Thirteen members of Delaware Steel, UD's premier steel band, will travel to Israel for a seven-day tour beginning Feb. 28 at the invitation of the municipality of Holon, Israel. Under the direction of Harvey Price, assistant professor of music, the ensemble will perform five concerts and several educational programs throughout the greater Tel Aviv metropolitan region and play for more than 200,000 during a Purim event that features ensembles from around the world. This will be the ensemble's second trip to Israel, having performed there in 1999.
The highlight of the tour will be an educational/family concert with the world renowned Israel Philharmonic Orchestra, under the direction of Zubin Mehta. The performance might be the first time a steel band has performed onstage with a world-class symphony orchestra.
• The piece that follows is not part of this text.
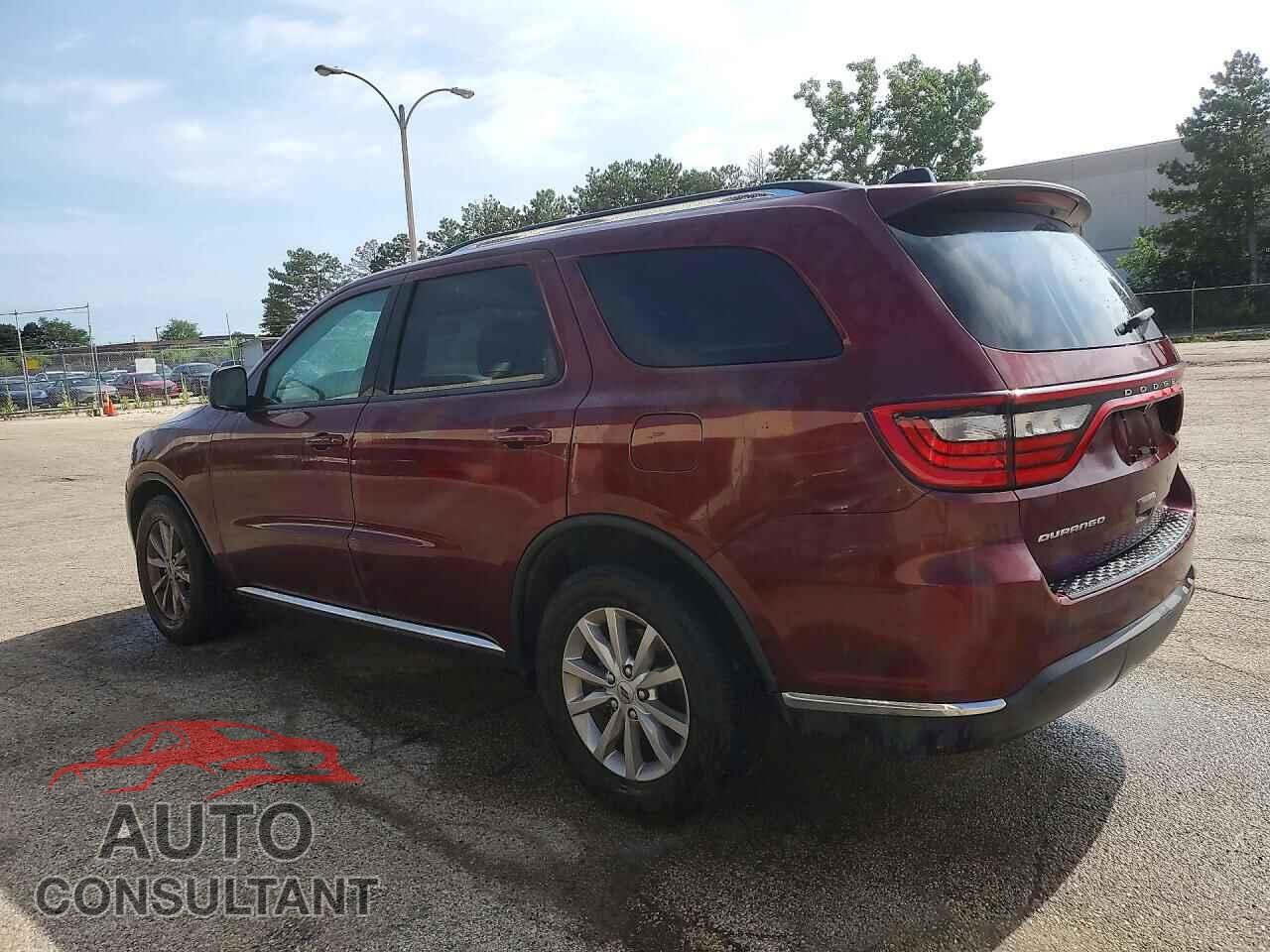 DODGE DURANGO 2023 - 1C4RDHAG1PC616238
Price said the band, which consists of himself, students, faculty members and a community member, will perform a variety of pieces throughout their tour, including Andy Narell's The Sea of Stories and Boogsie Sharp's Pan Rising.
Delaware Steel also will be working to establish the first steel band in the Middle East. Price said he has given steel drums to be used in three different musical centers to create an educational initiative with Israel's Department of Education and the Israeli government, which may lead to future exchanges between the University and various educational institutions in Israel.
Delaware Steel performs campus concerts as well as several high-profile engagements every year. After a successful tour of Germany in 2005, the ensemble was invited last January to participate at Philadelphia's Kimmel Center's 250th Mozart celebration, performing the overture to The Magic Flute to a sold-out house.
Price said the trip to Israel will allow students to see the world, operate at a high musical level and will help raise the profile of the University. “The trip is very good cultural exchange for us,” he said. “It means the students get to go and learn about a place they only hear about in a negative sense. It opens up the students' eyes to what is out there in the world.”